E assim como os escribas e os fariseus odiaram Jesus, muitos do clero não gostam de Francisco, quem eles veem como alguém que está a enfraquecer a autoridade deles. Infelizmente, esta atitude contrária a Francisco permeia inúmeros seminários nos EUA, onde tanto o corpo docente quanto o discente esperam que o seu reinado seja curto.
Francisco também quer empoderar os leigos no sentido de estes assumirem o papel que lhes cabe na evangelização e reformulação do mundo de acordo com os valores evangélicos.
Conforme pediu aos bispos do CELAM no Brasil:
• “Fazemos os fiéis leigos participantes da missão?”
• “Tanto estes [conselhos diocesanos] como os paroquiais de pastoral e assuntos econômicos são espaços reais para a participação laical na consulta, organização e planejamento pastoral?”
• Será que damos aos leigos “a liberdade para irem discernindo, de acordo com o seu processo de discípulos, a missão que o senhor lhes confia? Apoiamo-los e acompanhamos, superando qualquer tentação de manipulação ou indevida submissão?
Justiça, paz e o meio ambiente
Francisco, tal como os papas antes dele, crê que os cristãos devem ser ativos no mundo, trabalhando pela justiça e paz e protegendo o meio ambiente.
Ninguém consegue ler a sua exortação apostólica Evangelii Gaudium sem ficar ciente de sua crítica radical do atual sistema econômico e político, que cultua o bezerro de ouro e o poder. Ele livremente critica o capitalismo e a globalização por não ajudar os pobres.
A sua encíclica, Laudato Si’, também tem inspirado os cristãos e não cristãos a se preocuparem mais com a casa comum, a Mãe Terra. Proteger o meio ambiente não é um aspecto optativo da experiência cristã, segundo Francisco; é uma parte essencial da vida cristã de virtude no século XXI.

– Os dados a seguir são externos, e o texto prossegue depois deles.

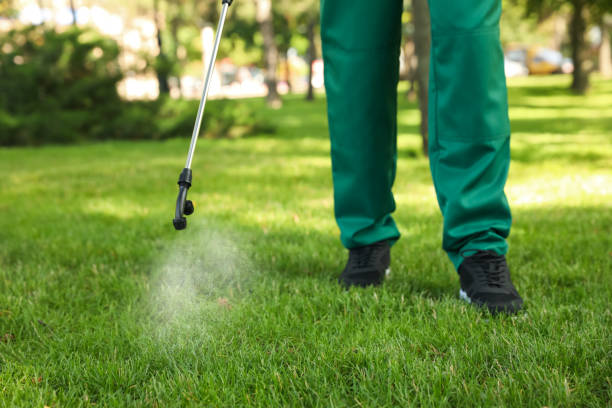 Best Pest Removal Services  in Clermont, IN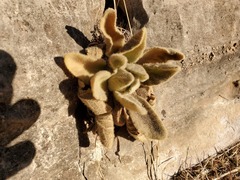 Verbascum thapsus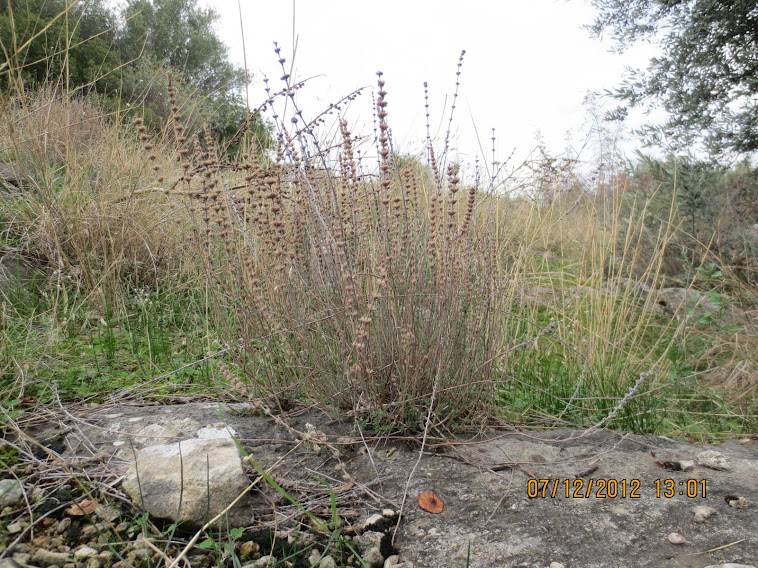 micromeria  στο Αρχαίο Ακόντισμα της Ν.Καρβάλης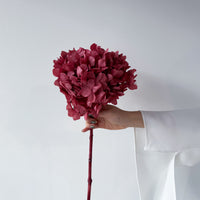 PRESERVED HYDRANGEA STEM I WINE RED I LARGE-LEAF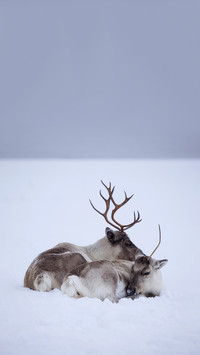 Sleeping reindeers in natural environment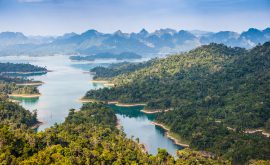 Khao Sok Nationalpark mit Übernachtung im Baumhaus in Südthailand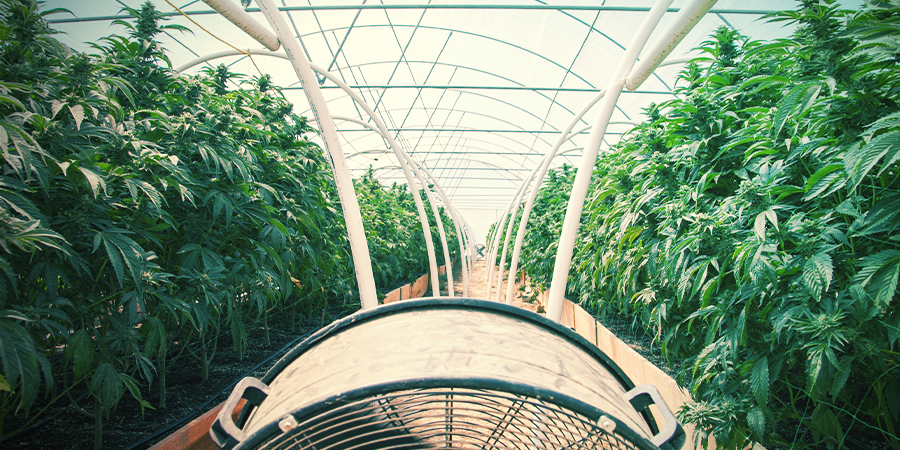 El Cultivo Convencional De Cannabis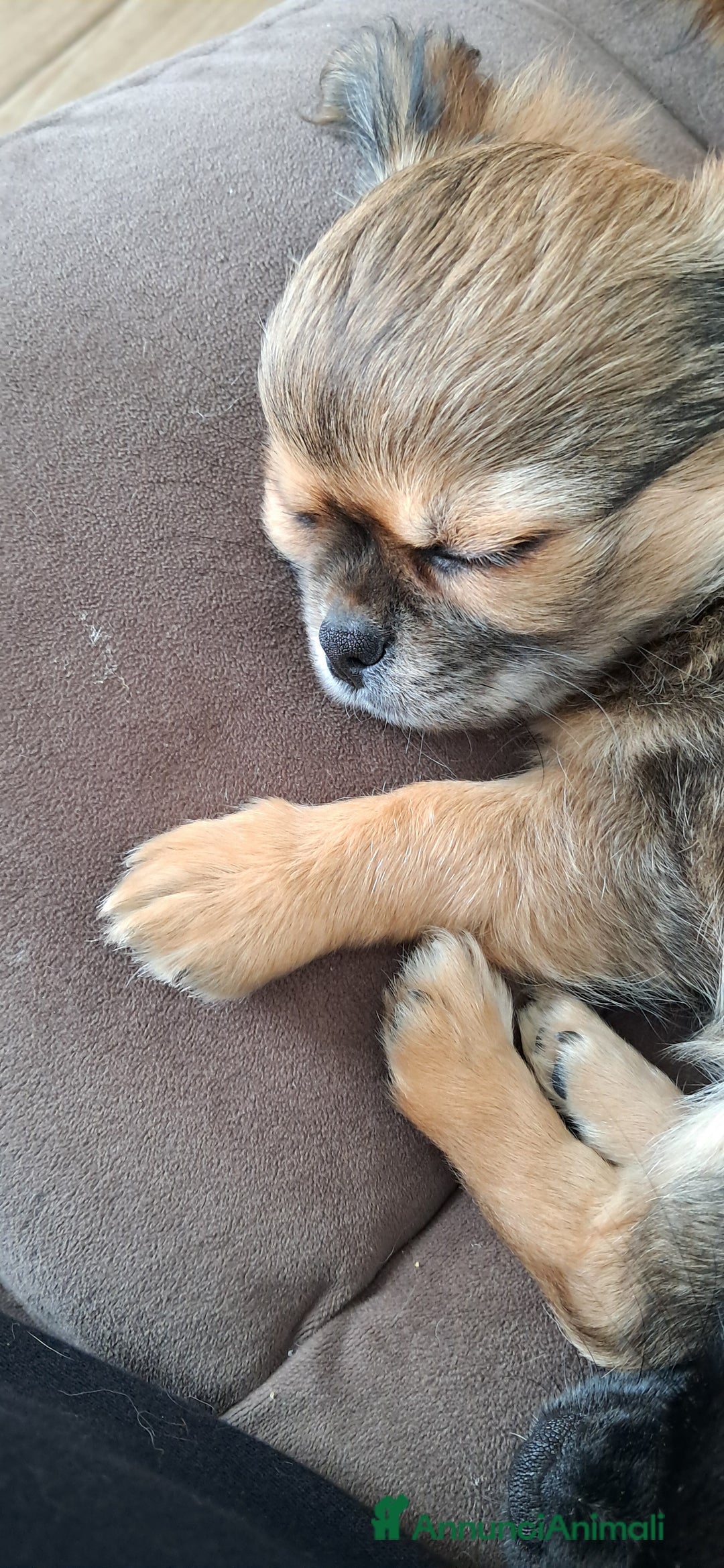 Chihuahua cani in vendita: Cuccioli chihuahua pelo lungo - Annuncio 3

Francisco, assim como o Papa Bento XVI, acredita que há um papel robusto aos governos na regulação da economia e na promoção do bem comum, especialmente no tocante a garantir empregos aos pobres.
Temos ouvido igualmente o seu chamado pela reconciliação internacional e testemunhado os seus esforços em promover a paz.
Ao falar aos bispos em Washington, ele disse para se preocuparem com “a vítima inocente do aborto, as crianças que morrem de fome ou debaixo das bombas, os imigrantes que acabam afogados em busca de um amanhã, as pessoas idosas ou os doentes que olhamos sem interesse, as vítimas do terrorismo, das guerras, da violência e do narcotráfico, o meio ambiente devastado por uma relação predatória do homem com a natureza”.
Francisco sinalizou as suas prioridades quando escolheu o nome Francisco. Tal como Francisco de Assis, ele é um reformador que vive como pobre, amo os pobres, trabalha pela reconciliação e a paz, é alguém que estima a criação divina. Será que os bispos americanos irão abraçar estas prioridades, ou será que o resultado de seu encontro em Baltimore vai ser o mesmo de sempre?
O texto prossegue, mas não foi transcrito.